Jumat, 23 Maret 2012

Pentas Teater Titik Nol, Kolaborasi Film dan Teater

Sebuah kain putih berperan sebagai layar dibentangkan di tengah di bagian belakang. Peran kain ini begitu hidup menyamai tokoh-tokoh di dalam naskah Titik Nol Cerita dari Aceh. Seni adalah sebuah bentuk kegiatan yang tidak dibatasi oleh batas geografi. Mampu menyampaikan suatu wacana dan pemikiran tanpa limitasi adalah esensi sebuah karya seni. Esensi seni lainnya adalah mampu berkolaborasi dengan disiplin seni lainnya hingga menjadi sebuah tampilan baru. Hal itulah yang diterapkan dalam Titik Nol. Pertunjukan ini adalah sebuah bentuk kolaborasi sutradara Agnes Christina (Singapura) dan Nicholas Yudifar dan aktor dari Indonesia (Agus Nur Amal) dan Singapura (Emanorwatty) dipentaskan di Teater Kecil, Taman Ismail Marzuki, Jakarta Pusat, pada Sabtu-Minggu (17-18/3) pukul 19.30 WIB.

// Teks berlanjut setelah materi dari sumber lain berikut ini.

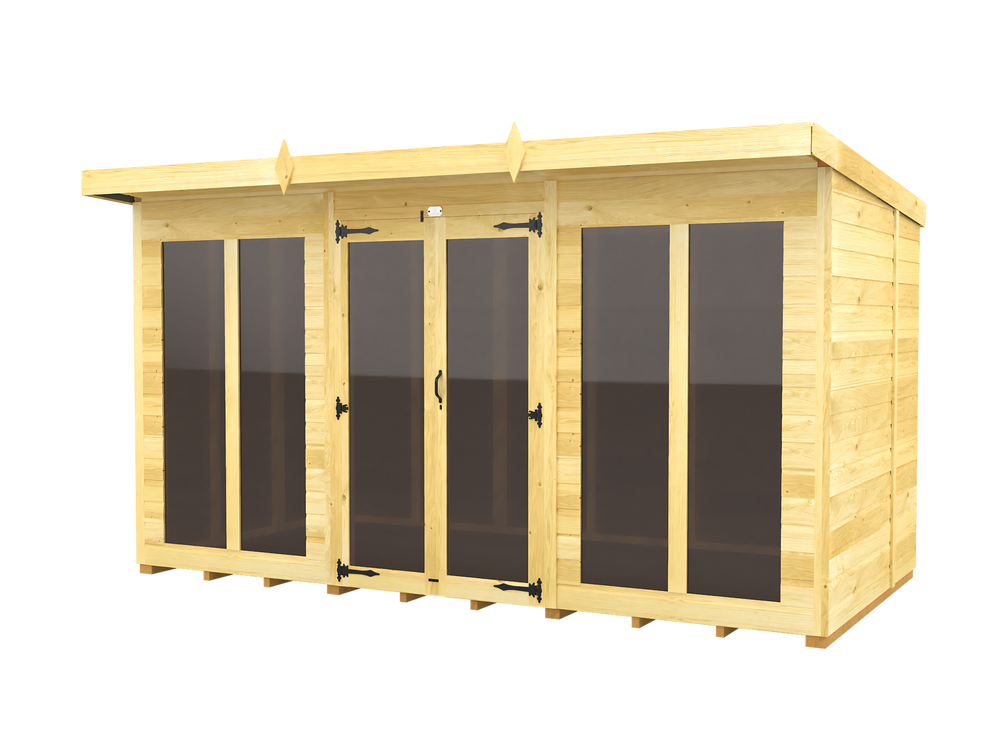 8ft x 12ft Pent Summer House (Full Height Window)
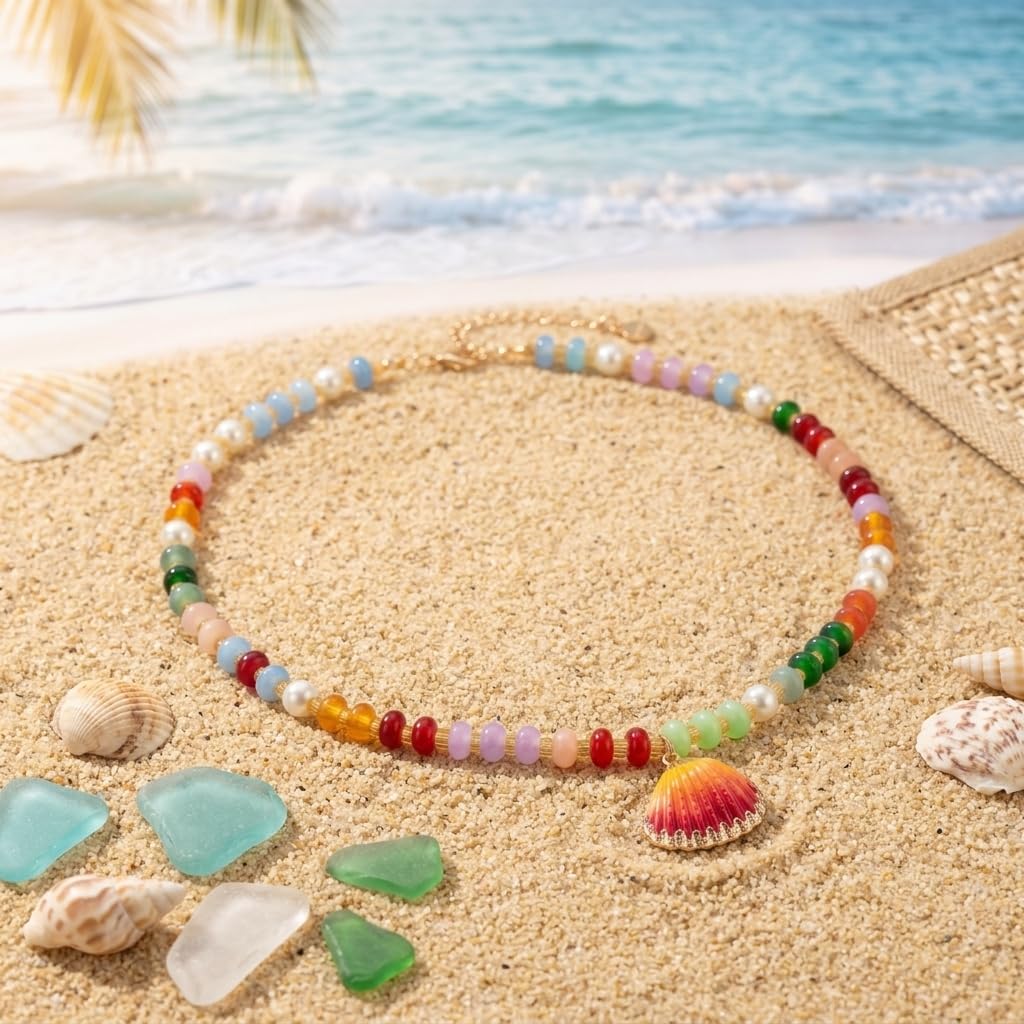 Frigotine Colorful Beaded Pearl Necklace for Women, Cute Orange Shell Pendant Trendy Summer Beach Boho Jewelry Gift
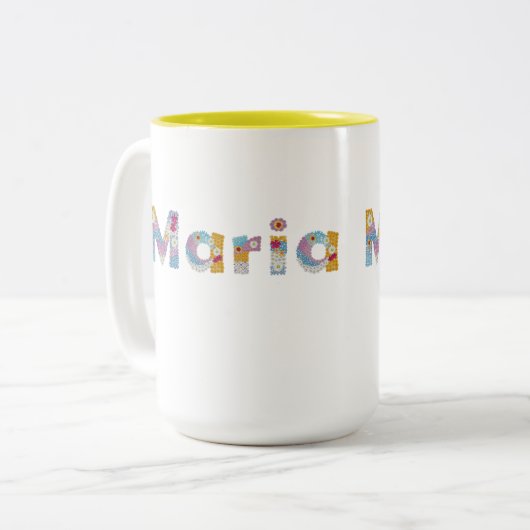 Jouw naam in akkerblokletters / Maria Two-Tone Tweekleurige Koffiemok (Voorkant links)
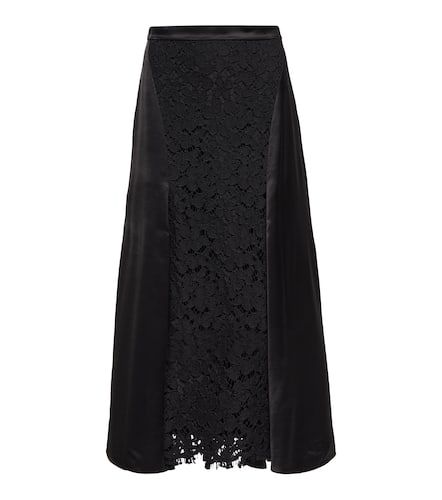 Suzanne satin and lace midi skirt - Erdem - Modalova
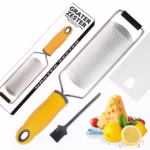 Razatoare manuala Flippy, perie inclusa, Inox, usor de utilizat, 31x6.7 cm, Galben - imagine 4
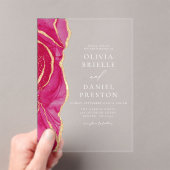Moderne Hot Pink Gold Agaat Elegante Huwelijk Acryl Uitnodigingen (Insitu (Draagbaar))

Agnes yang selalu mengklaim setiap pertunjukkan adalah media belajar, maka usai pementasan digelar diskusi atau tanya jawab. Dari sekian banyak pertanyaan, paling seru ketika mempersoalkan soal adegan yang berkomunikasi lewat bayangan pada layar itu. Mereka menilai adegan itu kaku sehingga tidak cair sampai di penonton. Mereka menuntut adegan berisi tentang masa muda dari tokohnya Agus Nur Amal dan Emanorwatty, malah dibuat bergantian berada di balik layar sebagai bayangan agar dibuat berkomunikasi langsung. Karena ini merugikan dari sisi make up juga. Karena make up tokoh semasa Agus Nur Amal anak-anak tetap kelihatan tuanya.
Tapi begitu mendengar jawaban dari Agnes, sutradara berdarah Indonesia yang menetap di Singapura, justru menimbulkan perdebatan lagi. Titik Nol: Cerita dari Tanah Aceh berawal dari adaptasi dari sebuah film pendek dengan judul yang sama karya Nicholas, kata Agnes. Kemudian diputuskan untuk menyadur film itu menjadi sebuah pementasan teater berdurasi 60 menit oleh Agnes.

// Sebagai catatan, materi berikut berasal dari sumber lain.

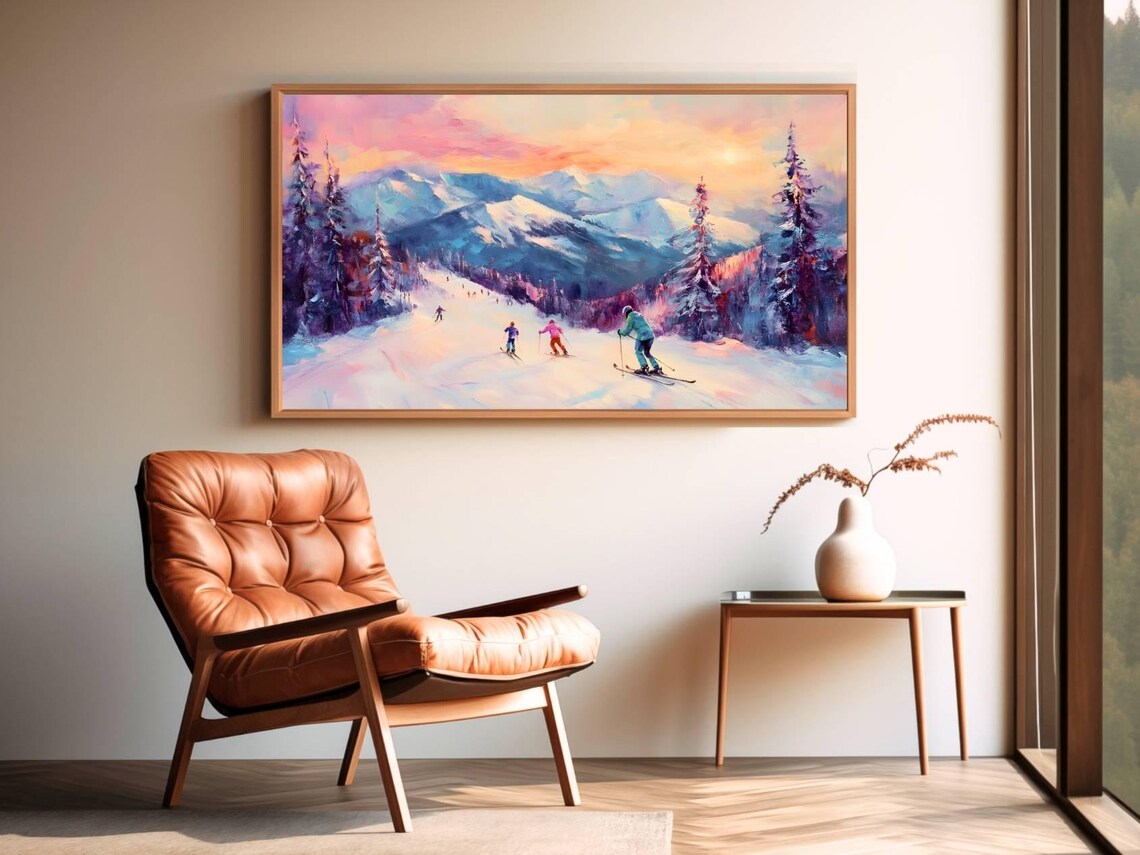 Colorful Skiers Snowy Mountain Sunset Slope Impressionist Winter Painting Art - Image 4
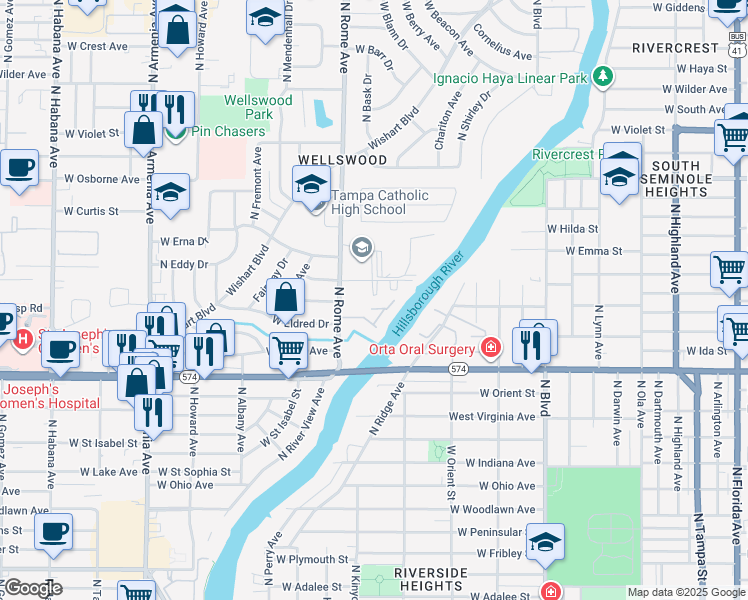 map of restaurants, bars, coffee shops, grocery stores, and more near 1505 Coolwater Drive in Tampa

Dalam kolaborasi ini, Agnes dan Nicholas menggabungkan film pendek yang bercerita tentang seorang anak laki-laki yang kehilangan ayahnya akibat terjangan tsunami saat gempa Aceh 2001 lalu, dengan teater. Sehingga menghasilkan gaya pencitraan yang lebih menarik dan mudah dicerna penonton. Dengan penggabungan film pendek dan teater, kolaborasi Agnes dan Nicholas ini memang bertujuan untuk menciptakan gaya bercerita yang lebih menarik dan mudah dicerna penonton. Dengan dukungan kolaborasi pemain Indonesia-Singapura, seperti Emanorwatty Saleh (Singapura), dan Agus Nur Amal (Indonesia), pementasan teater Titik Nol menjanjikan sebuah cerita melankolis yang dipersembahin dengan sentuhan komedi. Eits, selain pagelaran teater, dalam kesempatan ini pula, pada tanggal 14 maret 2012, Pusat Kesenian Jakarta bakal ngadain workshop pencahayaan dalam teater oleh Fita Helmi, penata lampu asal Singapura yang menjadi piñata lampu Titik Nol.

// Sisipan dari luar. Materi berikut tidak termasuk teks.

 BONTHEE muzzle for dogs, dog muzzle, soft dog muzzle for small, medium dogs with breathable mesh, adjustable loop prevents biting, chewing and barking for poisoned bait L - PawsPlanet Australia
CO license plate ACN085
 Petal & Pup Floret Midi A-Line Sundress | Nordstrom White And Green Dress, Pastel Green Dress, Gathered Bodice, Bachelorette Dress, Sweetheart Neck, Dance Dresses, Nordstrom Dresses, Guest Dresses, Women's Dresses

Dengan memakai SDM-SDM berbakat dari Indonesia dan Singapura, Titik Nol lebih dulu dipentaskan di The Substation Theatre, Singapura pada 1-3 Maret 2012. Menariknya, ternyata berbeda jauh waktu pementasan di Singapura dengan di Indonesia. Utamanya adegan yang dipersoalkan penontonnya tadi. Agnes mengaku, di Singapura mereka membuat adegan semasa Agus Nur Amal muda berdialog langsung tanpa melalui layar.
Tapi ini dibenarkan oleh sutradara Teater Kolom, Hery S. Dia mengatakan, justru bersyukur menontonnya di Indonesia. Karena yang benar dilakukan Agnes adalah saat pementasan di Indonesia. Selain itu menunjukkan kreatifitas hasil proses kreatif dan evaluasi pada produksi sebelumnya, tapi juga Hery S mengklaim pilihan Agnes itu sudah benar. Karena adegan yang berisi tentang flash back atau kisah yang dikisahkan dari masa lalu tokohnya, jadi mudah dicerna penonton lewat adegan dari bayangan di layar dengan tokoh aslinya. “Itulah namanya sentuhan film-nya. Disampin itu, ada semacam terobosan untuk memanfaatkan post dramatic. Di mana berdialog tidak lagi harus bertatap langsung seperti pertunjukkan konvensional atau non post dramatic,” terang Hery S.
Titik Nol bercerita tentang Siti, Sukran, dan Sofyan. Siti seorang muslim Malaysia dan Sukran adalah seorang Aceh yang memiliki hubungan dengan Sofyan. Kehidupan Sofyan sedikit banyak dipengaruhi situasi politik di Aceh. Keberadaan Gerakan Aceh Merdeka (GAM) dengan pemerintah Indonesia memengaruhi kehidupan masyarakat Aceh. Tapi, bagaimana semua ini memengaruhi Siti, seorang wanita yang hidup di Malaysia? Ketika tsunami memorak-porandakan tanah Aceh dan Sofyan menghilang, kehidupan mereka semakin sulit.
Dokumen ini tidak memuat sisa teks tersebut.